Arundati struggled to rise to her feet, collapsed, moaned. By now she was breathing with effort. From a distance she was indistinguishable from other sodden heaps of the ocean’s detritus. Closer inspection revealed an Indian child. Tiny and delicate, she was clad in the shreds of a coarse muslin gown. She might have been five years old. It was hard to tell, as Indian children were much smaller than their counterparts in America or Europe. Waves lapped gently around the girl’s splayed arms and legs, revealing dark ugly bruises and dried blood from knife slashes. Apparently, her light brown skin had served as the canvas for a madman’s rage.

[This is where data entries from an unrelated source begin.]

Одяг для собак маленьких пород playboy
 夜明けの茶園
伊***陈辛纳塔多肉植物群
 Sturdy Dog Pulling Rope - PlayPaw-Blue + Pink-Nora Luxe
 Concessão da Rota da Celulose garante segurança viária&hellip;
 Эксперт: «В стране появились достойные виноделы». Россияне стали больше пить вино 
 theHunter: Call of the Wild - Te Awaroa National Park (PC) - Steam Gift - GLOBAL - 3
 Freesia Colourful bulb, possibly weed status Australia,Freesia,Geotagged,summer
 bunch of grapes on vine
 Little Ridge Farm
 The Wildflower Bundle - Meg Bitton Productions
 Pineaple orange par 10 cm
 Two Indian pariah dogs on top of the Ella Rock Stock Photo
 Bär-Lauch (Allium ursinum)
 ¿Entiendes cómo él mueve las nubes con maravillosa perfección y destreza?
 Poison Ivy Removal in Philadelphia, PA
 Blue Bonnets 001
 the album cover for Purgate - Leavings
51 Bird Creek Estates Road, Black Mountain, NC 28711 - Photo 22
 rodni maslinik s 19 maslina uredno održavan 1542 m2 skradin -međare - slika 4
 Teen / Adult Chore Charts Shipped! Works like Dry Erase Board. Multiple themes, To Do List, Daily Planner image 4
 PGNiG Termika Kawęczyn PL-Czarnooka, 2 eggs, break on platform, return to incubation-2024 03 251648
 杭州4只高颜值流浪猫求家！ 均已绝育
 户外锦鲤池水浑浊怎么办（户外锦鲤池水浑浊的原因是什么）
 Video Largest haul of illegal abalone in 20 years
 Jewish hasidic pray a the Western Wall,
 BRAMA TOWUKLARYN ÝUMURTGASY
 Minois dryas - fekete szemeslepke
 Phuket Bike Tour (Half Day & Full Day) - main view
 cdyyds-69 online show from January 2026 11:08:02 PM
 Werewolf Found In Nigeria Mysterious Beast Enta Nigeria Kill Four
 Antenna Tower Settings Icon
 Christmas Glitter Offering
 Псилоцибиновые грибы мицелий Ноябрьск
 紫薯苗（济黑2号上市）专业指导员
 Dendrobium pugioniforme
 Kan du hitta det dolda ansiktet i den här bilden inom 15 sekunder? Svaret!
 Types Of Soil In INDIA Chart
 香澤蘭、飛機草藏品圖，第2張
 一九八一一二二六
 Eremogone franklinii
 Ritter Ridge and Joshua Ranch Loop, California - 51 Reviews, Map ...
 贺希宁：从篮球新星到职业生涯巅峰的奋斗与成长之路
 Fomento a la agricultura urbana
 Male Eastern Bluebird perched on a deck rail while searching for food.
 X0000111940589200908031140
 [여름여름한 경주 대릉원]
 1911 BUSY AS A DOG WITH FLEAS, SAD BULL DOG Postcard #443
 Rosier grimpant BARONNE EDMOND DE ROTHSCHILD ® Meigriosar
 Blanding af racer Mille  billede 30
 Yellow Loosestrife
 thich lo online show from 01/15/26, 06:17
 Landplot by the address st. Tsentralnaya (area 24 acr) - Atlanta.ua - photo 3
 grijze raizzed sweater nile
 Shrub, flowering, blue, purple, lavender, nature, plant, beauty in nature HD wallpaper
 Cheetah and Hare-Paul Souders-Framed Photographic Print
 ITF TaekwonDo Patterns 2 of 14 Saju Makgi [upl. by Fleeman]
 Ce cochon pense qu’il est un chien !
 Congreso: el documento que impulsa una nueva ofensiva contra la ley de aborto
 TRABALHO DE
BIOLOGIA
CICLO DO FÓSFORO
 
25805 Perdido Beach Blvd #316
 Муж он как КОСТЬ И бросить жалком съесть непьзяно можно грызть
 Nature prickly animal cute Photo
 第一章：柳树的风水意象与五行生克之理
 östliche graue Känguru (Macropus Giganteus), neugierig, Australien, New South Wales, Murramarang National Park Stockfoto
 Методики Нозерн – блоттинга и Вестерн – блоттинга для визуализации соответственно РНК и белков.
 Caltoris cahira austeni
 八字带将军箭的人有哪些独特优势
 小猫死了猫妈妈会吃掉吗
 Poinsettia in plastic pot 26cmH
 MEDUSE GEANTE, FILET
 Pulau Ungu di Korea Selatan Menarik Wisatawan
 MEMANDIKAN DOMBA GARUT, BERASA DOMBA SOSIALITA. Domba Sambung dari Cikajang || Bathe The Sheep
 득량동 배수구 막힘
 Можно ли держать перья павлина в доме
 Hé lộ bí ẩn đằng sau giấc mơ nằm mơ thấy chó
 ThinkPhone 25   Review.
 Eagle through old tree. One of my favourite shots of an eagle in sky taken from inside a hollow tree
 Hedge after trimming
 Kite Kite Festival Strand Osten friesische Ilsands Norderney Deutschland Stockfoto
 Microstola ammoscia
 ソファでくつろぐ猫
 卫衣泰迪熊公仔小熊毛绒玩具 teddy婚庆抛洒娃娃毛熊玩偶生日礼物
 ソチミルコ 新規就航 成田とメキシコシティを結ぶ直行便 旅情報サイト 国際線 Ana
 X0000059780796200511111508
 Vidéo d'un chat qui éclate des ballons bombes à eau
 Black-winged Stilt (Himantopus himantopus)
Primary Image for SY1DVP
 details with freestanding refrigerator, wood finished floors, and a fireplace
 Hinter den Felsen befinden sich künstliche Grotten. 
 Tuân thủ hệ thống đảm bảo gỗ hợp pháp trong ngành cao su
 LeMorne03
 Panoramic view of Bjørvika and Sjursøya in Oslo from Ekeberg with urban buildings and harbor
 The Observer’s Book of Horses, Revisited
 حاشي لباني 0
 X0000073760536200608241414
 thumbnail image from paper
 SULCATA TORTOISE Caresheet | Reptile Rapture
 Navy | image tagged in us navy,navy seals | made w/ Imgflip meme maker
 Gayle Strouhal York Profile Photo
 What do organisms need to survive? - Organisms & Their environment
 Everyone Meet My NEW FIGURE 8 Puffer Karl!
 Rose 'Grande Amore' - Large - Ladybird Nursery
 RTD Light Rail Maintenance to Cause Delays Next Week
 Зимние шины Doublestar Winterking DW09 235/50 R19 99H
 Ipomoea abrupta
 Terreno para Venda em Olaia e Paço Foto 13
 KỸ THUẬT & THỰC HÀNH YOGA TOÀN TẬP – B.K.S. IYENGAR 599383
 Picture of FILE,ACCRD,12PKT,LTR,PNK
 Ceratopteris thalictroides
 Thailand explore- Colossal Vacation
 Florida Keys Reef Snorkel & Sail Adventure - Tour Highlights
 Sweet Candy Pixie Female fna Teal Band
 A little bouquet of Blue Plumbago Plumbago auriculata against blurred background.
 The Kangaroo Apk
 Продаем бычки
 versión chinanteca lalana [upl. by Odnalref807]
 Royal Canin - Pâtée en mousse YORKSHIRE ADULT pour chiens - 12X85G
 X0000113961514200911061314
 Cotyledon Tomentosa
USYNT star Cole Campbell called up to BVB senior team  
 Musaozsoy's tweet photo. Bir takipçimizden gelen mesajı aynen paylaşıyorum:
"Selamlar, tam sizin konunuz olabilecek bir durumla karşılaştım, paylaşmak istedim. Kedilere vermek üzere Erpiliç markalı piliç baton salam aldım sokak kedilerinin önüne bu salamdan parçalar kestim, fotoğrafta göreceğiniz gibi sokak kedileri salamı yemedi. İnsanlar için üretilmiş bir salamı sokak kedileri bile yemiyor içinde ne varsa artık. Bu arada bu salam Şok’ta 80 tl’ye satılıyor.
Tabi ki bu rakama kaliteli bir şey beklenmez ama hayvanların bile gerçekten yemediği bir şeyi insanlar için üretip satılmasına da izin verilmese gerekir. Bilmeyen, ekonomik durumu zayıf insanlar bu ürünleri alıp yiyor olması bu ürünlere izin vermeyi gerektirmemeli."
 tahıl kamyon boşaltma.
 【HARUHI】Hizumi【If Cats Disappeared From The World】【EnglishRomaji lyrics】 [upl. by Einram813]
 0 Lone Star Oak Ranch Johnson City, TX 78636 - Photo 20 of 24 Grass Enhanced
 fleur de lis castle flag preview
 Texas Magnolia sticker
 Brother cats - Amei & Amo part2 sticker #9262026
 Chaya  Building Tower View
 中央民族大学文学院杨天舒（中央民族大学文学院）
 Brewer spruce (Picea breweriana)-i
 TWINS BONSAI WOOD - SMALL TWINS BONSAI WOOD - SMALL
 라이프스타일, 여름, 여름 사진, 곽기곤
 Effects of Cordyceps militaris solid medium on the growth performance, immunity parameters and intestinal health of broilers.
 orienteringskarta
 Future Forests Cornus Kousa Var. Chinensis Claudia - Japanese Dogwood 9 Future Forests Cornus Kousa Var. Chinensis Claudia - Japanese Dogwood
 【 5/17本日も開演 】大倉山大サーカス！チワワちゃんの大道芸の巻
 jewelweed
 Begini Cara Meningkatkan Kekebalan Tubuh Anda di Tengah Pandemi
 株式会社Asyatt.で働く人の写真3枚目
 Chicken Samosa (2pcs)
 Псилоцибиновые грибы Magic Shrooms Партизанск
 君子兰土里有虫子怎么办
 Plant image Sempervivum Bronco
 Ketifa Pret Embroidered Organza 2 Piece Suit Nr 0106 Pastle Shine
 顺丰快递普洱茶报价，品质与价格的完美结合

Floating, as if still in water, the child dreamed. It was the beginning of Holi, the festival of colors. She was her Mama and her Babu. They, along with aunties and uncles, were singing. Someone played a tambourine and shook bells. She and her brother Shubi ran from tree to tree playing tag . Once you touched a tree’s bark, you were safe. If you got tagged before reaching the tree, you had to be the monkey with no home.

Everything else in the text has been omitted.